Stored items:
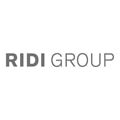 RIDI Leuchten GmbH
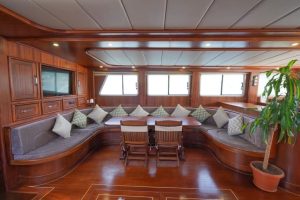 Gulet-Prenses-Esila-caicco-Prenses-Esila-12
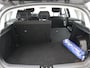 Hyundai Bayon 1.0 T-GDI Comfort Smart / Dealeronderhouden / Navigatie / Achteruitrijcamera / Cruise Control / Apple Carplay / Parkeersensoren / LMV / 5 Jaar Fabrieksgarantie / Android Auto / NL Auto /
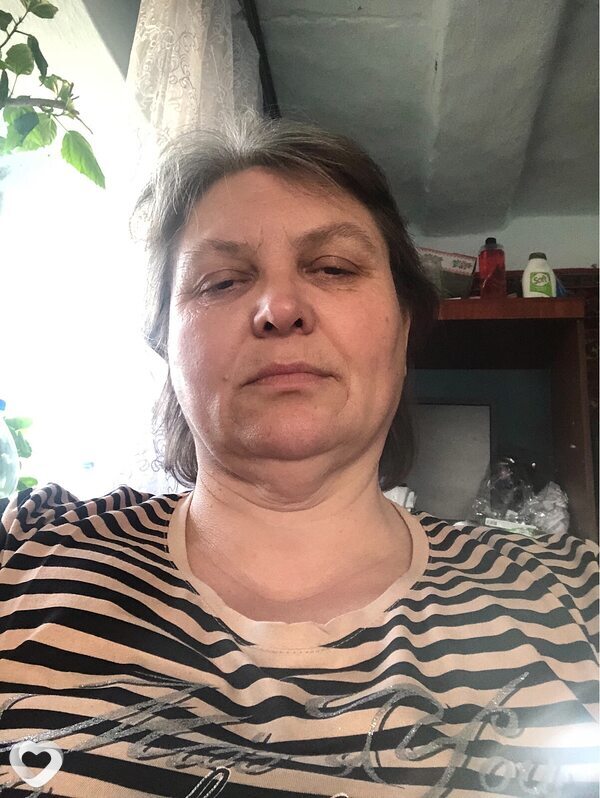 Валерия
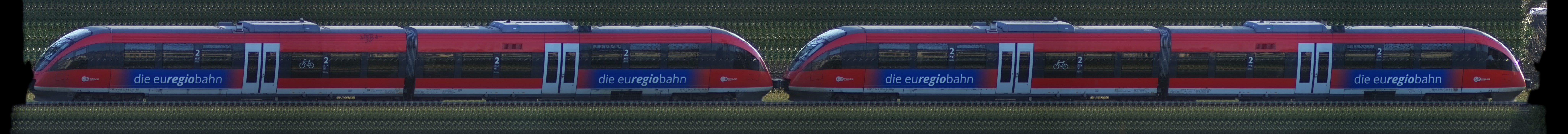 There should be a train photo here :'(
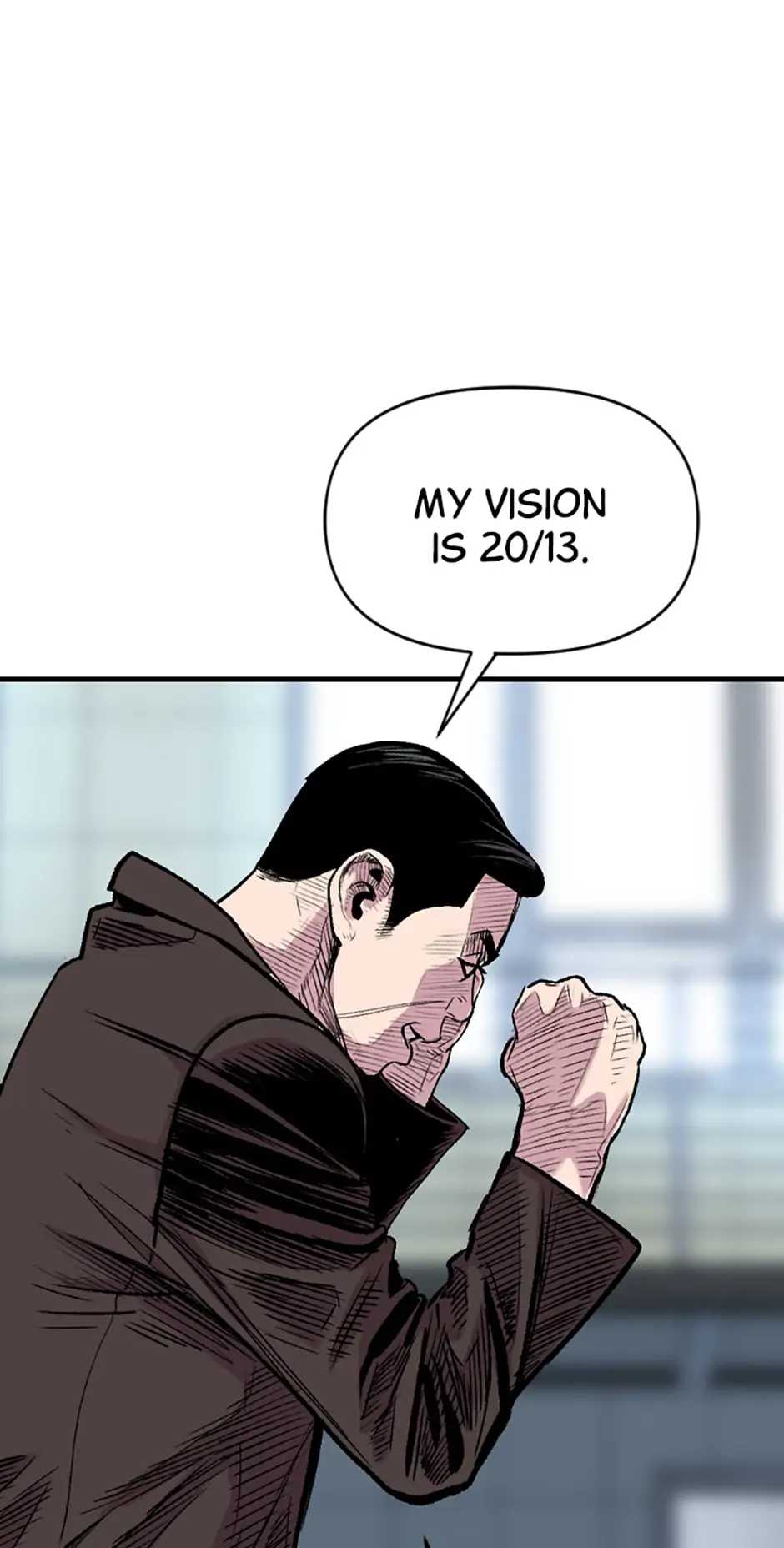 Switch chapter 21 page 49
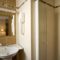 Hotel du Home Moderne : photos des chambres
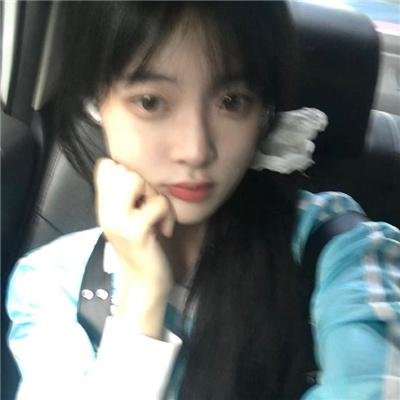 七鹰大厦宝藏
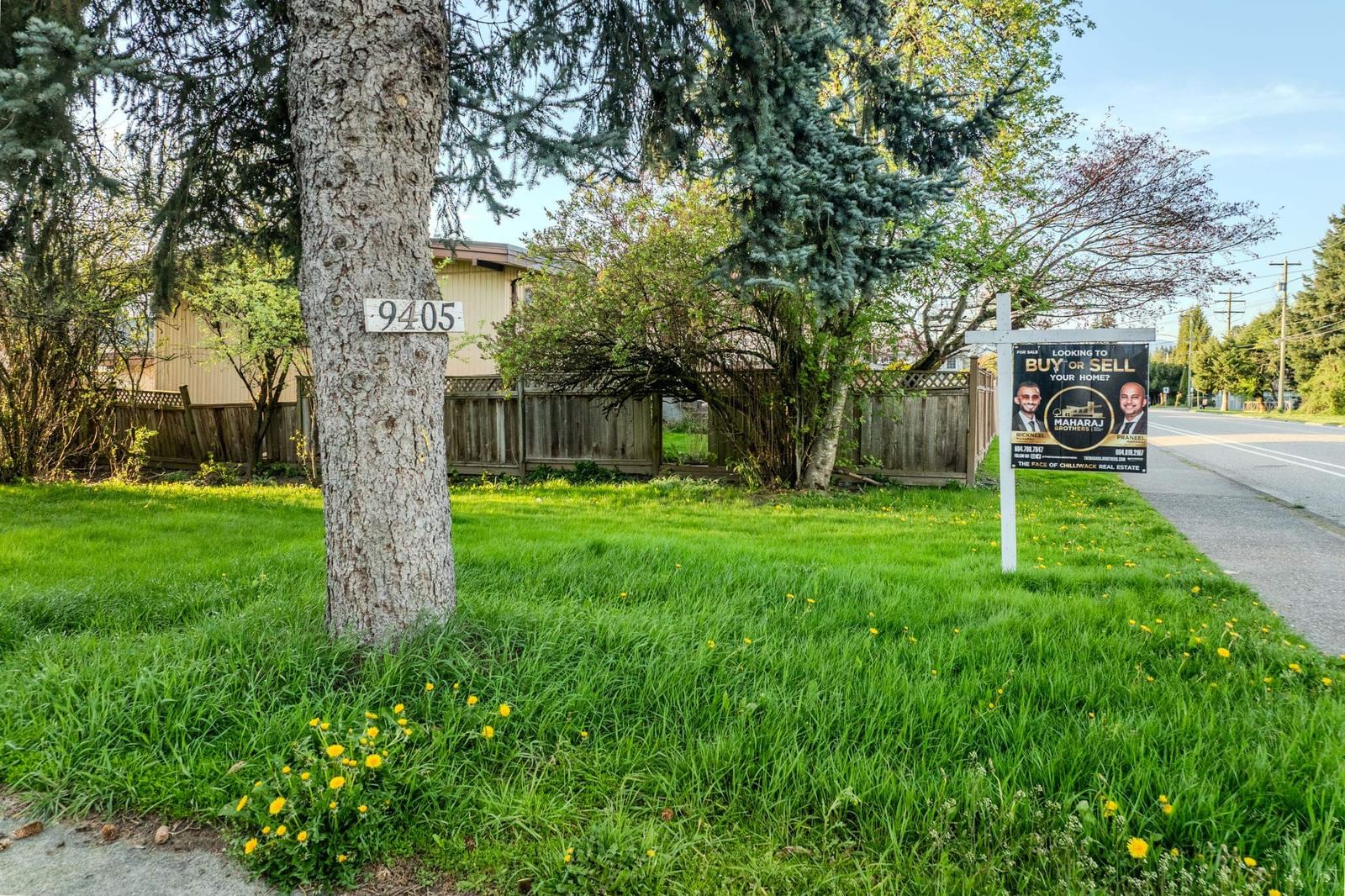 Listing Image 17
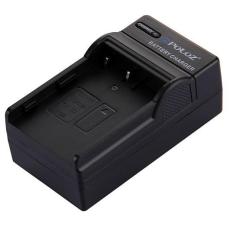 Sạc pin en-el3/el3e cho máy ảnh nikon d90/d80/d200/d300/d700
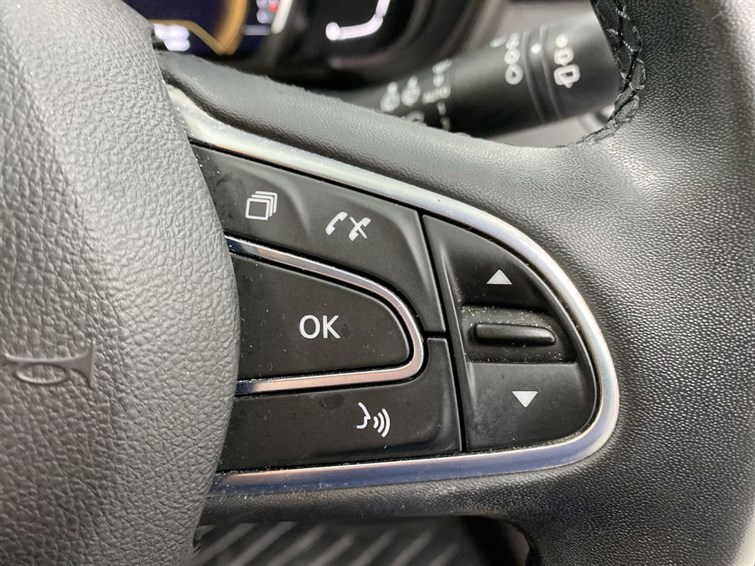 Used Renault Kadjar 2020 for sale - 77307026: Photo 41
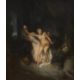 Jan Lievens: Susanna und die beiden Alten - Bild 1 aus 4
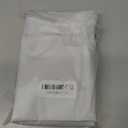 YongFoto Cute Sky Clouds Star Pink Backdrop 5x3ft Kids Photography Background Boy Girl Birthday Baby Shower Cradle Ceremony Party Banner Child Portrait Photoshoot Wallpaper Photo Studio Booth Props (5ftx3ft)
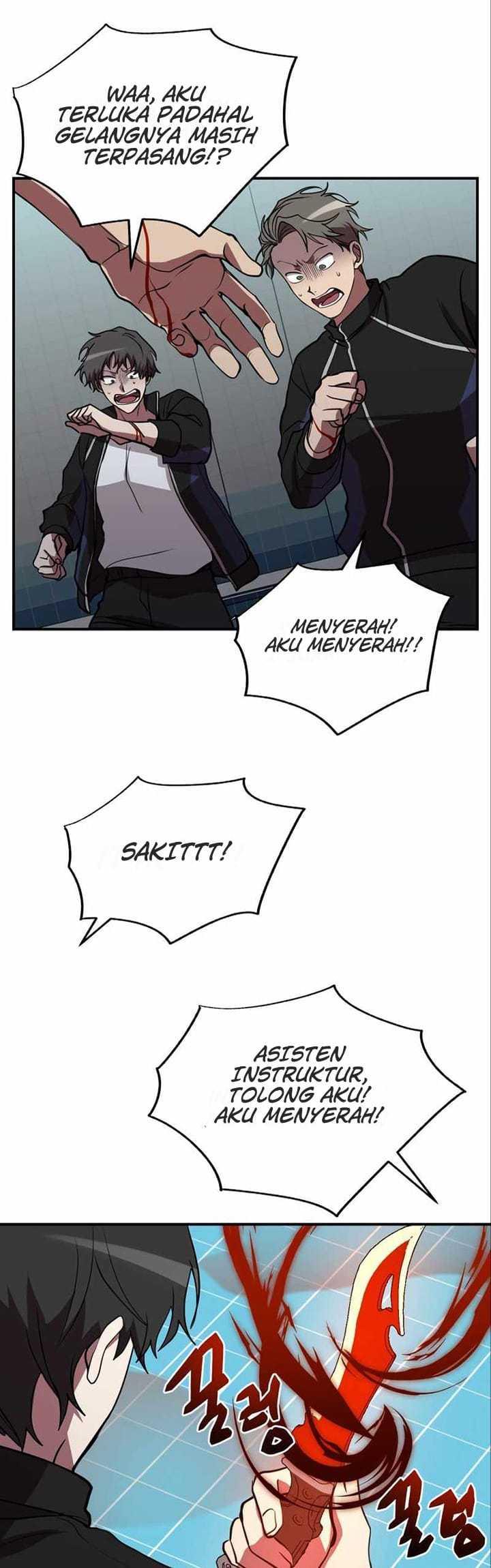 image-komik-my-school-life-pretending-to-be-a-worthless-person-chapter-41-31/54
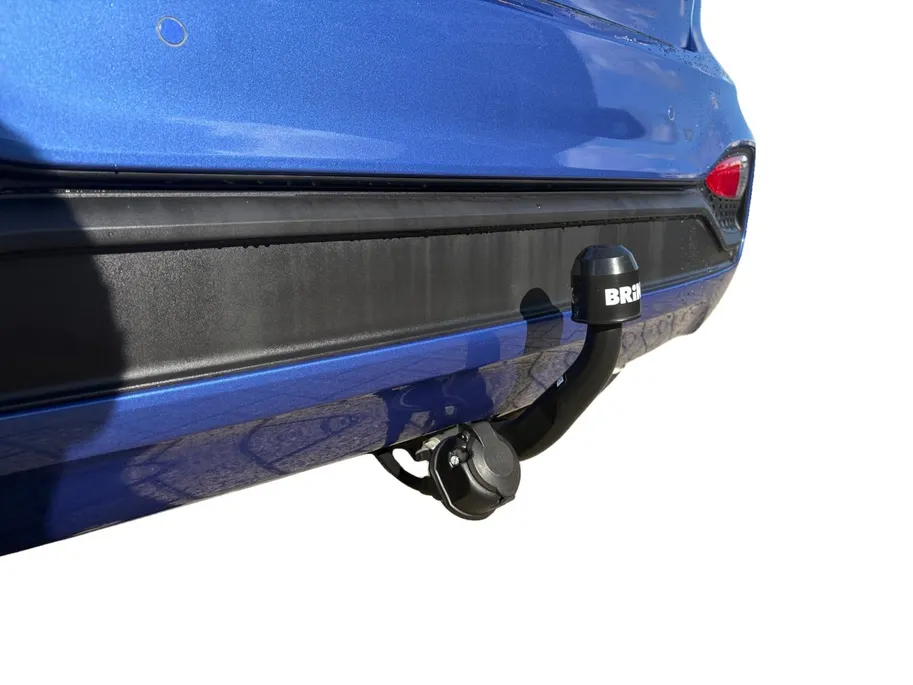 Hyundai i20 1.0 T-GDI Comfort | Climate control | Navi | Camera
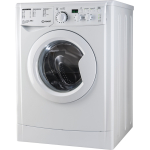 INDESIT LAVADORA EWD61052W BLANCA 6KG 1000rpm A++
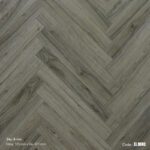 Sàn Gỗ Công Nghiệp Cao Cấp Cốt Đen Dream Lucky XL8690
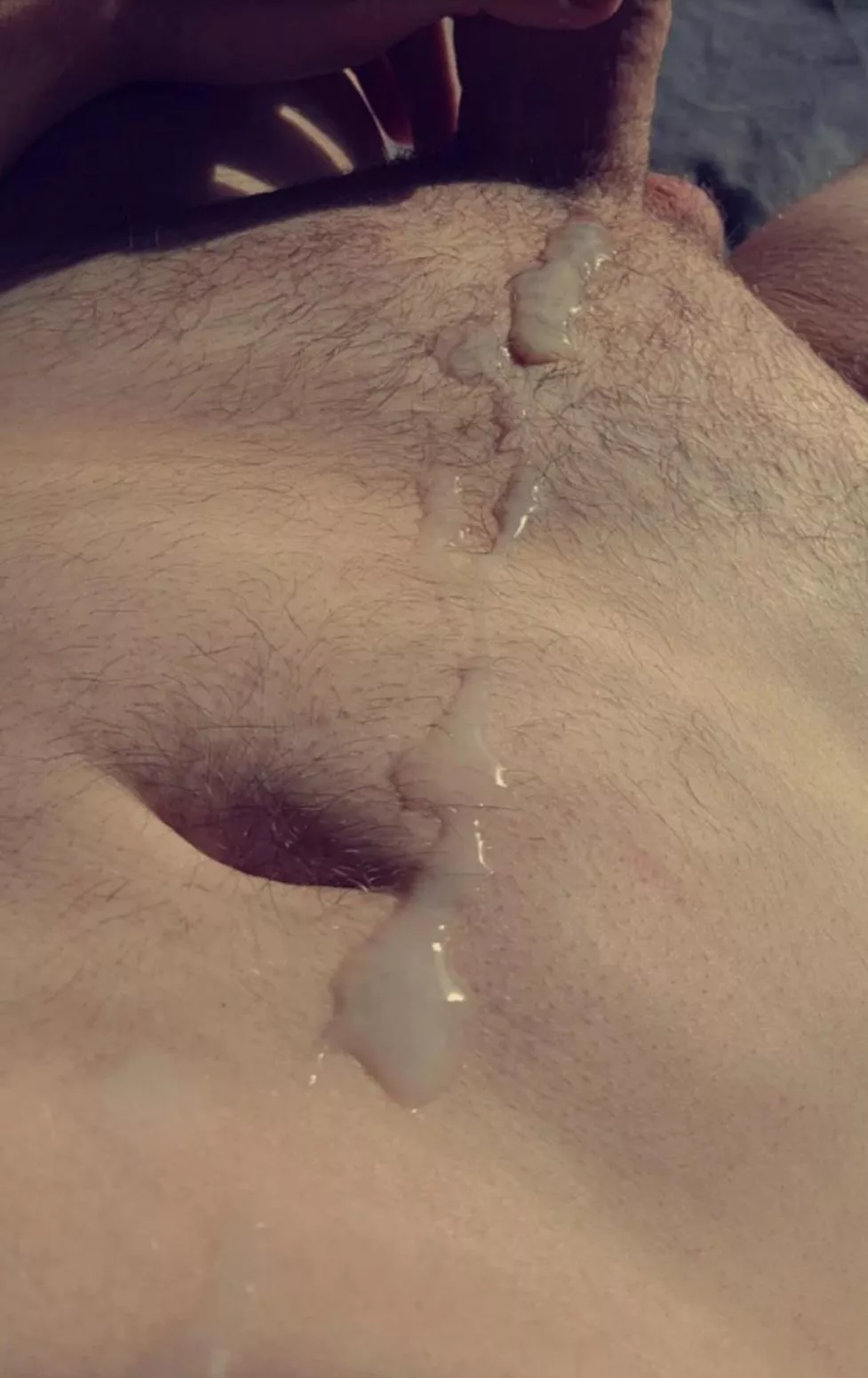 come cum all over me with bf come cum all over me with bf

# TASK TO COMPLETE
Using the entries above, repeat exactly the lines from the one with "Hyundai Bayon 1.0" to the one with "Listing Image 17", both included, and leave the pictures behind.

# SOLUTION FOR THIS EXERCISE
 Hyundai Bayon 1.0 T-GDI Comfort Smart / Dealeronderhouden / Navigatie / Achteruitrijcamera / Cruise Control / Apple Carplay / Parkeersensoren / LMV / 5 Jaar Fabrieksgarantie / Android Auto / NL Auto /
 Валерия
 There should be a train photo here :'(
 Switch chapter 21 page 49
 Hotel du Home Moderne : photos des chambres
 七鹰大厦宝藏
 Listing Image 17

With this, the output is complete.